MEDIUM: stream: make a full process_stream() loop when completing I/O on exit

During 1.9 development cycle a shortcut was made in process_stream() to
update the analysers immediately after an I/O even detected on the send()
path while leaving the function. In order to prevent this from being abused
by a single stream stealing all the CPU, the loop didn't cover the initial
recv() call, so that events ultimately converge.

This has caused a number of issues over time because the conditions to
decide to loop are a bit tricky. For example the CF_READ_PARTIAL flag is
not immediately removed from rqf_last and may appear for a long time at
this point, sometimes causing some loops to last long.
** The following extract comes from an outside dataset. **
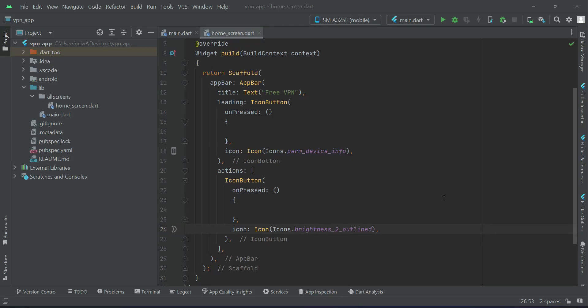Now we need local storage, the mobile phone local storage, in order to remember the user choice about the theme selection - either the user selected the dark theme or the light theme. Later in the course we will also use the local storage when the user selects the VPN connection, to which country the user wants to connect.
Another unexpected side effect is that all analysers are called again with
no data to process, just because CF_WRITE_PARTIAL is present. We cannot get
rid of this event even if of very rare use, because some analysers might
wait for some data to leave a buffer before proceeding. With a full loop,
this event would have been merged with a subsequent recv() allowing analysers
to do something more useful than just ack an event they don't care about.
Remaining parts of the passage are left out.